Group by in columns and rows, counts and percentages per day

I have a table that has data like following.
attr |time
----------------|--------------------------
abc |2018-08-06 10:17:25.282546
def |2018-08-06 10:17:25.325676
pqr |2018-08-05 10:17:25.366823
abc |2018-08-06 10:17:25.407941
def |2018-08-05 10:17:25.449249
I want to group them and count by attr column row wise and also create additional columns in to show their counts per day and percentages as shown below.
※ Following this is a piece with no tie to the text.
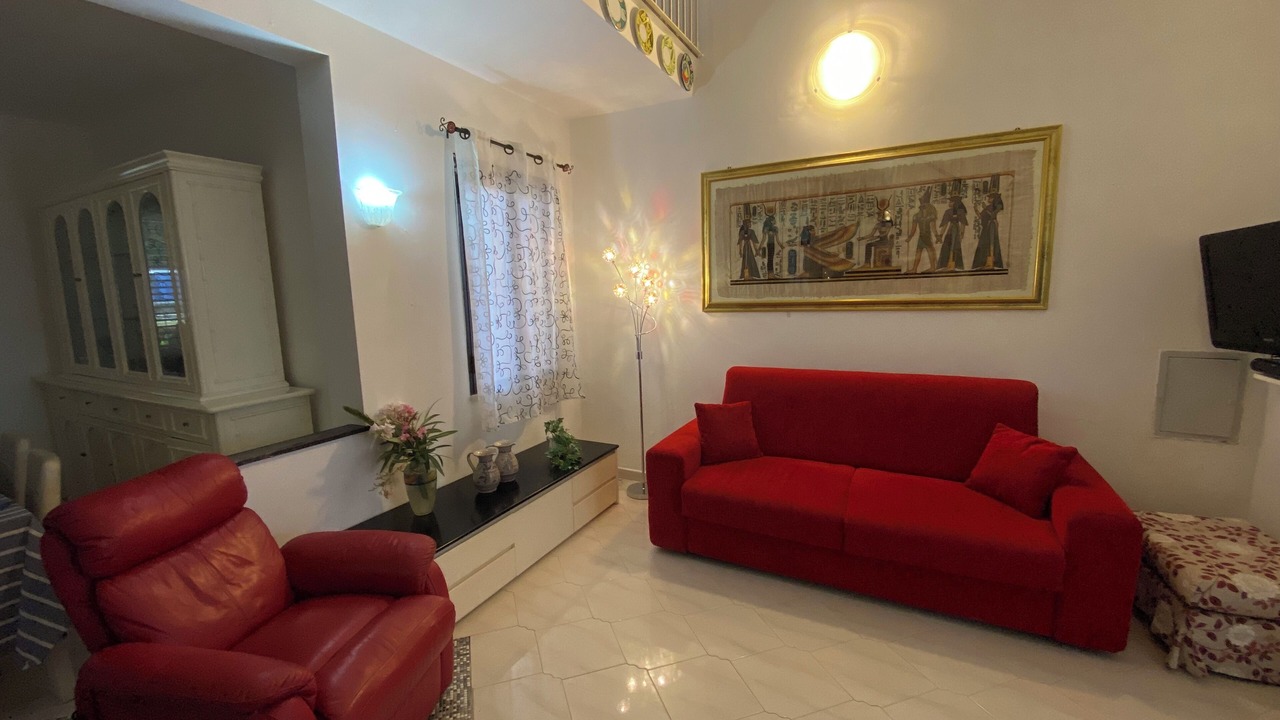 Photo of Livingroom in Mazzaforno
attr |day1_count| day1_%| day2_count| day2_%
----------------|----------|-------|-----------|-------
abc |2 |66.6% | 0 | 0.0%
def |1 |33.3% | 1 | 50.0%
pqr |0 |0.0% | 1 | 50.0%
I'm able to display one count by using group by but unable to find out how to even seperate them to multiple columns. I tried to generate day1 percentage with
SELECT attr, count(attr), count(attr) / sum(sub.day1_count) * 100 as percentage from (
SELECT attr, count(*) as day1_count FROM my_table WHERE DATEPART(week, time) = DATEPART(day, GETDate()) GROUP BY attr) as sub
GROUP BY attr;
But this also is not giving me correct answer, I'm getting all zeroes for percentage and count as 1. Any help is appreciated. I'm trying to do this in Redshift which follows postgresql syntax.
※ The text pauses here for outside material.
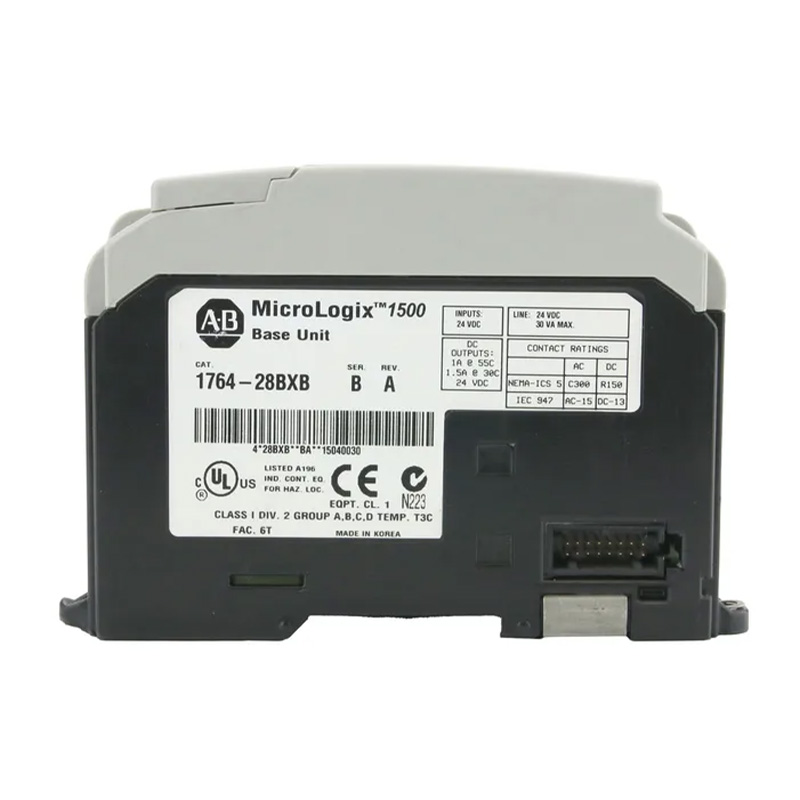 1764-28BXB PLC Modul zuverlässig Guter Preis One-Stop-Online-Shopping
Let's nail the logic before presenting:
with CTE1 as
(
select attr, DATEPART(day, time) as theday, count(*) as thecount
from MyTable
)
, CTE2 as
(
select theday, sum(thecount) as daytotal
from CTE1
group by theday
)
select t1.attr, t1.theday, t1.thecount, t1.thecount/t2.daytotal as percentofday
from CTE1 t1
inner join CTE2 t2
on t1.theday = t2.theday
From here you can pivot to create a day by day if you feel the need
I am trying to enhance the query #johnHC btw if you needs for 7days then you have to those days in case when
with CTE1 as
(
select attr, time::date as theday, count(*) as thecount
from t group by attr,time::date
)
, CTE2 as
(
select theday, sum(thecount) as daytotal
from CTE1
group by theday
)
,
CTE3 as
(
select t1.attr, EXTRACT(DOW FROM t1.theday) as day_nmbr,t1.theday, t1.thecount, t1.thecount/t2.daytotal as percentofday
from CTE1 t1
inner join CTE2 t2
on t1.theday = t2.theday
)
select CTE3.attr,
max(case when day_nmbr=0 then CTE3.thecount end) as day1Cnt,
max(case when day_nmbr=0 then percentofday end) as day1,
max(case when day_nmbr=1 then CTE3.thecount end) as day2Cnt,
max( case when day_nmbr=1 then percentofday end) day2
from CTE3 group by CTE3.attr
http://sqlfiddle.com/#!17/54ace/20
In case that you have only 2 days:
http://sqlfiddle.com/#!17/3bdad/3 (days descending as in your example from left to right)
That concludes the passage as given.